Ich weise darauf hin, dass es sich bei den obigen Ausführungen um eine Ersteinschätzung anhand der mir vorliegenden Informationen handelt. Ich empfehle daher, sich gegenüber der Krankenkasse darauf zu berufen, dass Sie Ihren Mitwirkungspflichten in der Vergangenheit vollumfänglich nachgekommen sind und die Steuerbescheide jeweils nach Ablauf des Kalenderjahres vorgelegt haben. Auf dieser Basis seien dann auch Beitragsanpassungen erfolgt.

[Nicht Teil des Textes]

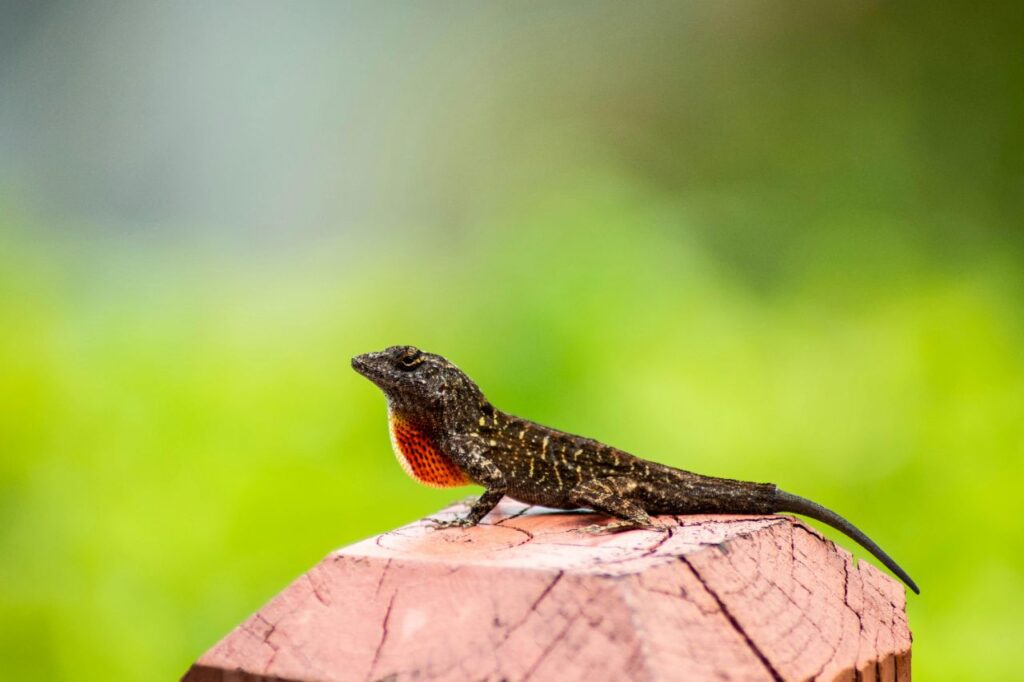 Anole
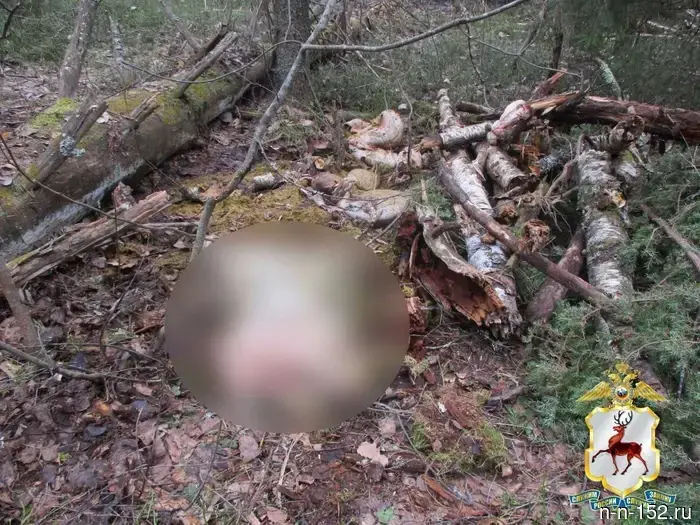 The poacher will be prosecuted for the murder of a moose in the Nizhny Novgorod region.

Es sei für Sie daher nicht nachvollziehbar, warum nunmehr Jahre nach Übermittlung aller erforderlichen Angaben noch Nachforderungen gestellt werden. Dies sei gemäß § 48 SGB Abs. 1 Satz 2 SGB X rechtlich nicht zulässig

Da die Nachforderung in Kürze von Ihrem Konto eingezogen werden soll, empfehle ich zudem, vorab ein entsprechendes Schreiben an dei Krankenkasse aufzusetzen und zusätzlich dann auch der Abbuchung bei der Bank zu widersprechen. Dies ist grundsätzlich innerhalb von 6 Wochen nach der Abbuchung möglich. Die Einzugsermächtigung müsste in diesem Fall widerrufen werden. Rein vorsorglich empfehle ich, dass Sie sich hierzu auch noch mit Ihrer Bank in Verbindung setzen.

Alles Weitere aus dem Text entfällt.